Exercise: Agentic Code
Building on the experience you’ve gotten with generative code, we’re now moving to use agentic AI systems that can plan, execute, and iterate on complex coding projects with your own larger project in mind. You’ll be building more experience working with Claude Code for the web, which has full access to the files of a GitHub repository and can make changes directly - and this time, you can add content such as images and video for Claude Code to integrate. For this exercise, you can build any type of website - consider building a simple web game, educational resource, or something related to your own work.
Setting Up Your Project
Start by creating a new repository on GitHub.com (just like you did in Week Eleven):
- Create a new GitHub repository at github.com
- Give it a descriptive name for your project
- Make it public (required for GitHub Pages)
- Initialize with a README if you’d like
- No need to add .gitignore or license yet
- Open Claude Code for the web at code.claude.ai
- Open Claude Code through the sidebar
- Select your new repository from the list
- In the big box, type /init
- Start the project - this will initialize Claude Code’s tracking and project structure (we’ll do more with slash commands later, but here’s a guide if you are interested!)

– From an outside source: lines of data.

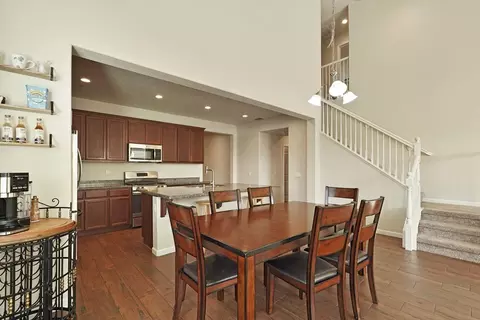 Dining - 2116 Splendor Way, Modesto, CA 95357 photo 2 of 2
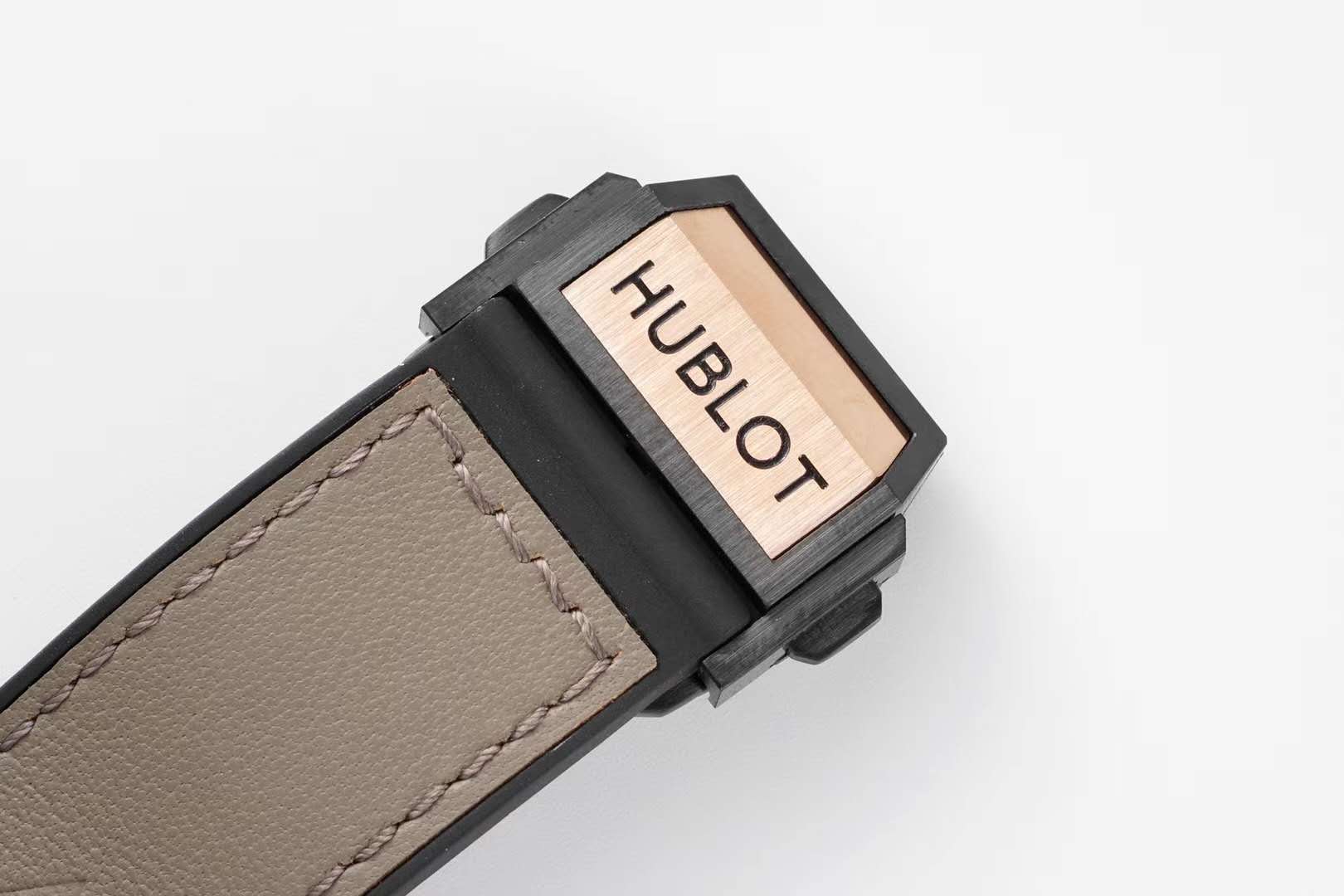 big bang unico sang bleu in rose gold with Di*m*nd bezel on brown leather strap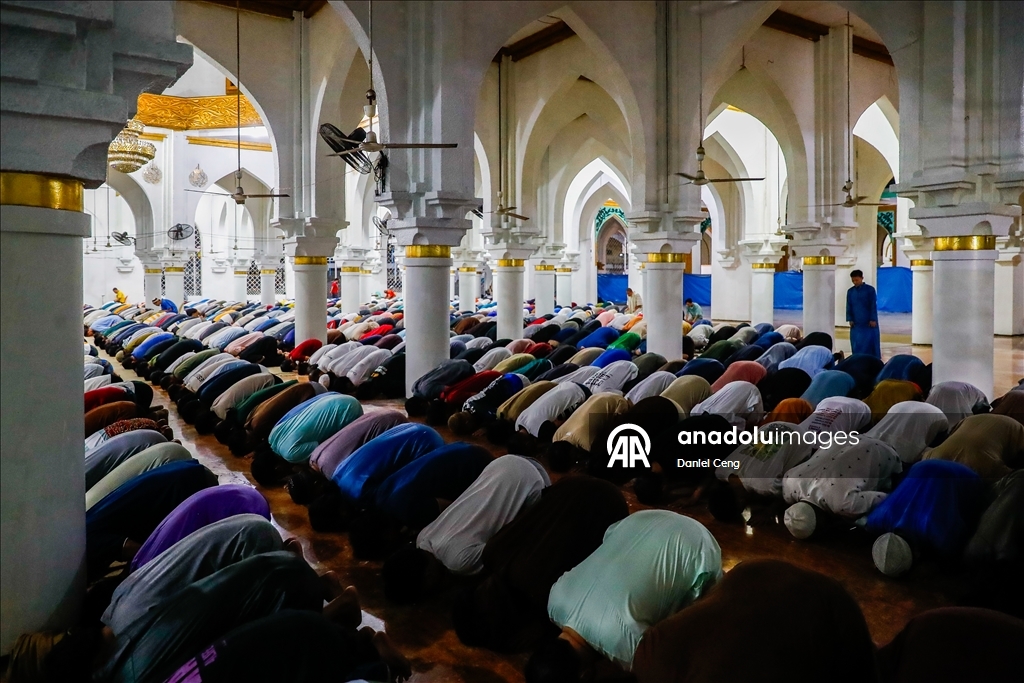 В Маниле совершена первая утренняя молитва по случаю Рамазана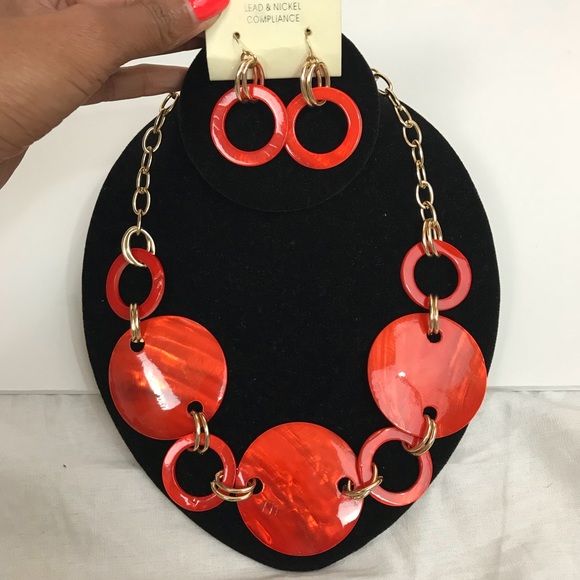 Jewelry - 4/$24 Orange Acrylic Link Necklace Set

Building Your Public-Facing Website
Envision a public-facing website that could serve an educational purpose, function as a personal portfolio, present a humanities project, or otherwise related to your own work. Be ambitious - the point here is not to succeed at everything you try, the goal is to better understand what agentic systems are currently capable of producing (and where it fails). Claude Code will commit changes to your repository in a separate branch, so you can always revert if the agent moves in a direction you don’t want.
Step 1: Request a Project Plan
Start by asking Claude Code to develop a project plan for your vision. Start your prompt with “Enter plan mode. Do not exit plan mode until I confirm the plan is ready. Ask clarifying questions until you understand the plan.” then follow it with your initial description. For example:
- “I want to create an educational website about [your field of interest] that includes interactive demonstrations, animations, and user engagement features. Please create a project plan and initial file structure.”

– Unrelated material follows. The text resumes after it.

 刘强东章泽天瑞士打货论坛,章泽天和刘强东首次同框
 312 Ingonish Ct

- “Help me plan a personal portfolio site that showcases my AI experiments with dynamic, interactive elements that demonstrate the capabilities of different AI tools.”
- “Design a public humanities project website that makes [specific topic] accessible through interactive storytelling and multimedia presentations.”

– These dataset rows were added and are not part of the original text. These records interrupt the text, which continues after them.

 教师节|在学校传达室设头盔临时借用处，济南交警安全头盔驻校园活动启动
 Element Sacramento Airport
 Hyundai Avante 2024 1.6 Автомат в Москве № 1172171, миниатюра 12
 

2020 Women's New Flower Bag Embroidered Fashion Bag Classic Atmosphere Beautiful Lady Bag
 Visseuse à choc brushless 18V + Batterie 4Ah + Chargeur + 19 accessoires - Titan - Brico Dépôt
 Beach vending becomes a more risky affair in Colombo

Claude Code should ask a set of questions. When you feel the project is sufficiently described, reply “
Step 2: Develop the Core Website
Work with Claude Code to build out your site iteratively. Use specific details, but don’t worry too much about final content - think of this as a design exercise primarily. You might try asking for specific libraries and technologies, particularly if there are things you know or are interested in - for instance, you might ask for a D3.js data visualization, or a P5.js animation. Emphasize that the site is for deployment on GitHub Pages and should stick to native web technologies (HTML, CSS, Javascript).
Step 3: Incorporate Visual Materials
Upload images to your GitHub repository (you can do this directly on GitHub.com by navigating to your repo and clicking “Add file” > “Upload files”). Then ask Claude Code to incorporate them into your design:
- “I’ve uploaded an image called [filename]. Please incorporate it into the homepage with appropriate styling.”
- “Use the images I’ve uploaded to create a gallery section with lightbox functionality.”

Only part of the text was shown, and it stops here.